Count Subsequences

This question is part of my Career Advice series.

Original question: https://neetcode.io/problems/count-subsequences

1. Problem Breakdown:

The task is to determine the number of distinct subsequences of string s that are equal to string t. A subsequence is a sequence derived from another sequence by deleting some or no elements without changing the order of the remaining elements.

Clarifying Questions:

• Can the strings contain any characters other than lowercase English letters? (Given constraints suggest no, but it’s good to confirm).
• Are there any constraints on the length of s relative to t? (In this problem, s can be longer than t, but if t is longer than s, there are no valid subsequences).
• Should we consider case sensitivity? (Assuming yes based on standard string manipulation problems).
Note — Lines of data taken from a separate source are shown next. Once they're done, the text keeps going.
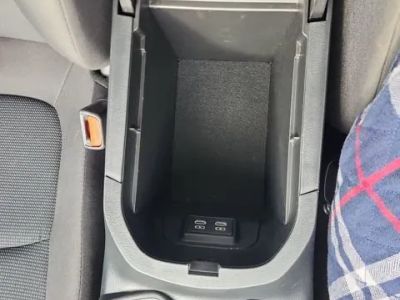 2023 Toyota RAV4 LE - Photo 24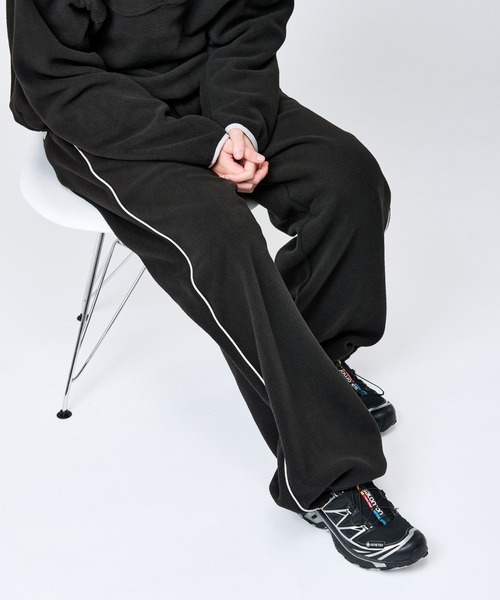 WETTEMPT（ウィテンプト）の「PIPING FLEECE PANTS / パイピングフリースパンツ（スウェットパンツ・メンズ・グレー/ブラック・SMALL/MEDIUM/LARGE）」の15枚目の写真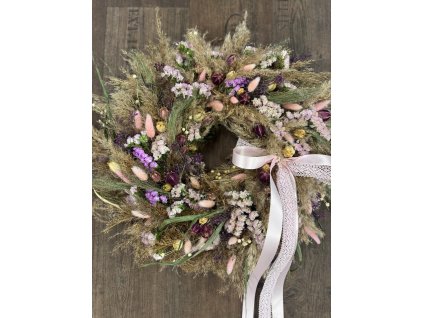 Letní věnec ze sušených květin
2. Core Data Structures and Algorithms:

• Dynamic Programming (DP): We’ll use a 2D DP table where dp[i][j] represents the number of distinct subsequences of s[0...i-1] that equal t[0...j-1].

3. Patterns to Remember:

• Subsequence Counting: This is a common dynamic programming pattern where you consider both including and excluding the current character in s when matching with t.
• DP Table Initialization: dp[i][0] should be 1 for all i because an empty string t can always be formed by any string s by deleting all characters.
• Recursive Subproblem: For each character in s, decide whether to match it with the current character in t or skip it.

4. Solution:

function numDistinct(s, t) {
  const m = s.length;
  const n = t.length;

  // DP table where dp[i][j] means number of subsequences in s[0..i-1] that match t[0..j-1]
  const dp = Array.from({ length: m + 1 }, () => Array(n + 1).fill(0));

  // Base case: An empty t can always be matched by any prefix of s by removing all characters
  for (let i = 0; i <= m; i++) {
    dp[i][0] = 1;
  }

  for (let i = 1; i <= m; i++) {
    for (let j = 1; j <= n; j++) {
      if (s[i - 1] === t[j - 1]) {
        // If characters match, count subsequences including and excluding current char
        dp[i][j] = dp[i - 1][j - 1] + dp[i - 1][j];
      } else {
        // Otherwise, carry forward the count without including current char of s
        dp[i][j] = dp[i - 1][j];
      }
    }
  }

  return dp[m][n];
}

5. Explanation of Solution:

• Initialization: The DP table dp is initialized such that dp[i][0] is 1, indicating that any prefix of s can match an empty t.
• DP Transition:
  • If the current characters of s and t match (s[i-1] == t[j-1]), then we add the number of subsequences where:
    1. We include the current character from s in our match (dp[i-1][j-1]).
    2. We exclude the current character from s and just carry forward the previous count (dp[i-1][j]).
  • If they don’t match, we carry forward the previous count without including the current character of s.
• Result: The value at dp[m][n] gives the total number of distinct subsequences of s that match t.